Saleem Haddad’s debut novel, Guapa (Europa Editions, 2016), was published to great acclaim and drew him devoted fans around the world. Ten years later he returns with the hugely anticipated, Floodlines (Europa Editions, 2026). Yasmin Zaher burst onto the scene with The Coin (Footnote Press, 2024), an entirely original novel that caught attention everywhere from BookTok to the Dylan Thomas Prize. They got together to talk on the PalFest Podcast and we’re presenting an edited version of their conversation here for you.
SALEEM: I’m really looking forward to this conversation. I read The Coin this year and I think it was one of the best books that I’ve read, definitely this year, if not for the last few years.
YASMIN: And I read Guapa when it came out in 2016, which was the year when I started writing The Coin. And I read it as an inspiration really for what you can do as an Arab writer, writing in English, kind of being a little bit transgressive as well.
SALEEM: That means a lot. I wonder if a good place to start our conversation is to pick up on something you wrote in an essay that was published in January 2024, I think, in The Drift. The essay was called “Abolish the Categories.”

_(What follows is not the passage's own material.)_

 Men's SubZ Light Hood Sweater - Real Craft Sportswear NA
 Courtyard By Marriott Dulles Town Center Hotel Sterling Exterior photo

A few writer friends sent me this essay wanting to get my thoughts and it really prompted a lot of conversations. And rather than me trying to summarize what the essay said, I wonder if you can just tell me a little bit about what you were preoccupied with in the essay.
YASMIN: Oh, interesting. So, yeah, I think, well, the categories kind of refer to literary categories, right? And the idea, I think, came to me from trying to organize my bookshelf, like trying to organize the fiction in my bookshelf.
And the way I do it naturally, for some reason, is based on geography. So I will do like Middle Eastern literature, African literature, literature from East Asia. And then I thought about myself and like where I would fit.
And I didn’t quite, you know, I am a Palestinian writer, but I write in English. So I was like putting myself at the edge of the category. And yeah, just thinking about these terms of, you know, who we are as writers and how that defines us and feeling very strongly that I don’t necessarily fit in any of those categories, which I think you probably have a very similar experience, just by virtue probably of being from different countries.
SALEEM: Definitely. My background is very mixed and I grew up in a lot of different countries. So I always find myself not entirely fitting into a certain category, especially when, as is often the case with literature, it’s by nationality.
Technically, I could fit into three of those, Lebanon, Jordan, and British. But I wouldn’t categorise my writing as any of those things. And whereas Guapa was not really set in a particular country my next novel is very much rooted in Iraq – but I still feel quite strange about it being considered an Iraqi novel.
YASMIN: Right, and I feel strange about The Coin being considered a Palestinian novel because it takes place in New York, first of all, and also because its main character is so unrepresentative of Palestinians in a way. Like, she’s rich, she’s promiscuous, she’s not under any control of the patriarchy. And, yeah, it’s hard to belong, but it’s almost like you love your culture, but you feel like it doesn’t love you back, like you don’t belong in that box, you know? That’s something that I struggled with a lot while publishing.
SALEEM: While publishing or while writing?
YASMIN: While writing I was in my secret chamber where I wasn’t thinking about anyone, I wasn’t thinking about audience, I was in my madness. But then when it came time to go out there, to be vulnerable, to be judged, really, like so much of publishing is about being judged, then I started to have a lot of anxieties around that.
SALEEM: Where did you find The Coin fitting in? Not by you, but by readers and publishers. Was it sold as a Palestinian novel?